3 settembre 2014

musica – BACH AL FESTIVAL DI EDIMBURGO


BACH AL FESTIVAL DI EDIMBURGO

Con l’ultima nota pre-estiva ci eravamo spostati a Roma per occuparci delle disavventure di quel Teatro dell’Opera e di una magnifica pianista che con un colpo d’ala gli ha salvato la faccia; con la nota di oggi, di ripresa dopo le Feriae Augusti, ripartiamo ancora lontani da Milano – dove ci sta aspettando MI.TO – e andiamo a Edimburgo dove, come tutti i mesi di Agosto, un Festival Internazionale di Musica, Teatro e Danza sconvolge la città trasformandola in un unico grande palcoscenico sul quale accade di tutto: le strade piene di vita, di allegria, ragazzi che parlano tutte le lingue possibili e immaginabili, centinaia di spettacoli e spettacolini, concerti e rappresentazioni, mimi e clown, cantastorie e funamboli, per non dire delle numerosissime rievocazioni e allusioni relative alle leggende della città esoterica e misteriosa di epoca vittoriana e degli oscuri tempi che la precedettero.

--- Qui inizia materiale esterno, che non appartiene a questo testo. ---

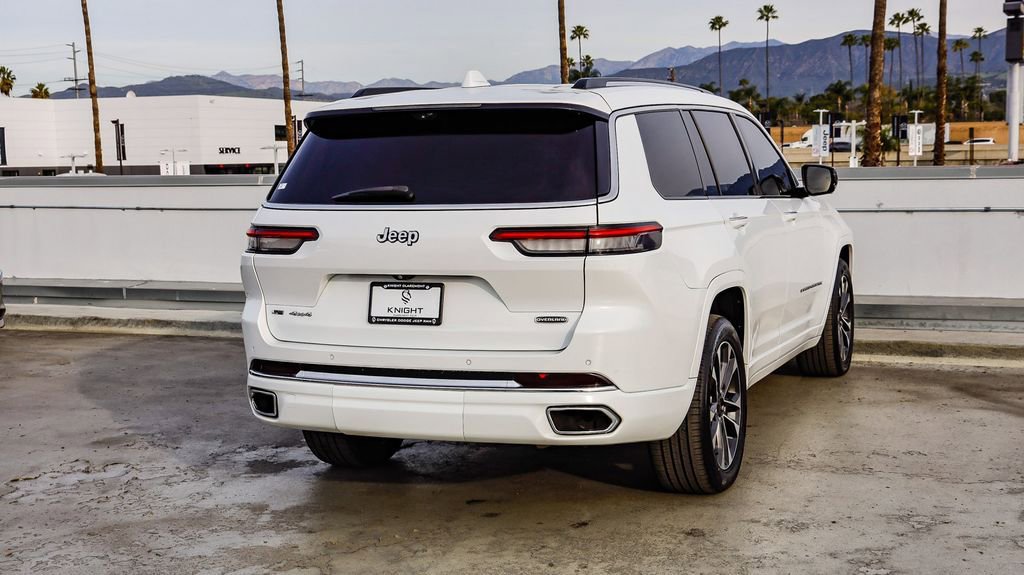 Used 2021 Jeep Grand Cherokee L Overland w/ Advanced Protech Group III image 9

Un divertente e vitale irediddio.

musica29FBMa oltre a questo bailamme detto “Fringe” (che è un po’ come dire il nostro fuorisalone, rispetto al Salone del Mobile, elevato all’ennesima potenza) vi è il Festival ufficiale che riempie teatri, auditorium, chiese, sale e locali di ogni genere e tipo, con un programma stampato in carta patinata e distribuito ovunque con grande liberalità che prevede opere liriche, concerti e pièce teatrali per tutti i gusti, ma anche dibattiti, seminari, tavole rotonde e chi più ne ha più ne metta. La qualità è molto variegata ma nell’insieme piuttosto elevata: cito solo per esempio alcuni solisti, orchestre e direttori di fama internazionale che tutti conosciamo molto bene come Lars Vogt, Paul Lewis, sir Andrew Davis, Ute Lemper, Vladimir Jurowski, John Axelrod, Andras Schiff, Gianandrea Noseda, il Quartetto Arditti, l’Hilliard Ensemble, e tanti altri compreso il grande tenore Ian Bostridge accompagnato come sempre Julius Dreake.

È in questa ammoina che abbiamo scoperto un concerto veramente speciale, non solo per il livello e la notorietà degli esecutori ma anche per il programma e soprattutto per la sua collocazione nel contesto appena descritto. Nella più bella sala della città, la Usher Hall (famosa per la sua acustica perfetta nonostante i suoi 2.300 comodissimi posti a sedere), il più celebre ensemble bachiano del mondo – il Collegium Vocale Gent diretto dal suo fondatore Philippe Herreweghe – eseguiva la più monumentale delle musiche sacre scritte dal grande Johann Sebastian: la Messa in si minore per soli, doppio coro e orchestra. Ve lo sareste mai aspettato? Io no, e infatti mi sono precipitato ad ascoltare.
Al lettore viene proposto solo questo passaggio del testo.